Watson - Exposition of the Gospels of St. Matthew and St. Mark

The Son of man is Lord also of the Sabbath. — Our blessed Lord here asserts his right,

1. To interpret the law of the Sabbath;

2. To alter or modify it as he pleased;

3. To alter the time of its observance, which he afterward did through his apostles, from the seventh to the first day of the week.

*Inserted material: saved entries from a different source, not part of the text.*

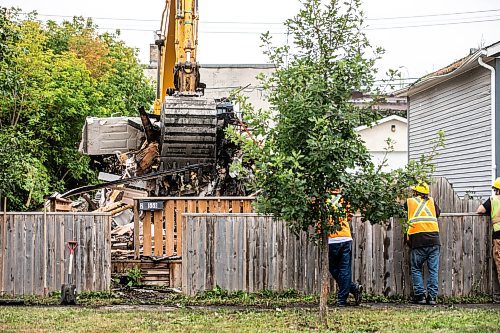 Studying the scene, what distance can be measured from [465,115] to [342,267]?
1017 centimetres

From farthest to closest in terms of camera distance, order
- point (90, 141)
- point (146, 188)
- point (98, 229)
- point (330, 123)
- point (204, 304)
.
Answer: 1. point (90, 141)
2. point (146, 188)
3. point (98, 229)
4. point (204, 304)
5. point (330, 123)

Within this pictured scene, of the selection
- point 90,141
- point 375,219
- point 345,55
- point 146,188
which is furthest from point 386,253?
point 90,141

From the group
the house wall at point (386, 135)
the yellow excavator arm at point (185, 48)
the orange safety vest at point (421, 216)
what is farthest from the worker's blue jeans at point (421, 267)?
the house wall at point (386, 135)

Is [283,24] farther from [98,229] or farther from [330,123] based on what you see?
[98,229]

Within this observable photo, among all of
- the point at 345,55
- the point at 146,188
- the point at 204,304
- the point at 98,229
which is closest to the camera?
the point at 345,55

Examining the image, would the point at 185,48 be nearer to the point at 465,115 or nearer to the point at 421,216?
the point at 421,216

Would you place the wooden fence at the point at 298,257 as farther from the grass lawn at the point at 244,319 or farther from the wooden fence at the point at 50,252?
the wooden fence at the point at 50,252

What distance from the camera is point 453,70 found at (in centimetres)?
2083

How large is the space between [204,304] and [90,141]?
8.77m

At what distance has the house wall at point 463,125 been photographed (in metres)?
20.1

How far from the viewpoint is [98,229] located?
44.5ft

And if any ask our authority for observing this day, and not the Jewish Sabbath, the answer is, that in the Christian Scriptures it bears the name of “THE LORD’S DAY,” with manifest reference to this text, in which Christ asserts his power over it, as Lawgiver: the Son of man is LORD also of the Sabbath. It is “the Lord’s day,” because he himself appointed it, by his own authority, to be the Sabbath for all succeeding ages. Those who, like Campbell, understand the term Son of man, here, to signify any man, and the sentiment to be, that as the Sabbath was made for man, so man is its lord, fall into this erroneous interpretation through considering the words as the inference from the verse preceding; whereas it is the general conclusion from the whole argument, which is more fully stated by St. Matthew. There our Lord argues that as the priests did servile work in the temple because of the sacredness of the place, he who was “greater than the temple” itself had rights on this subject which no mere man could have; and it is to this his dignity that the words refer, and from which they flow, as the natural conclusion. Therefore the Son of man is Lord also of the Sabbath, See the note on Matthew 12:8.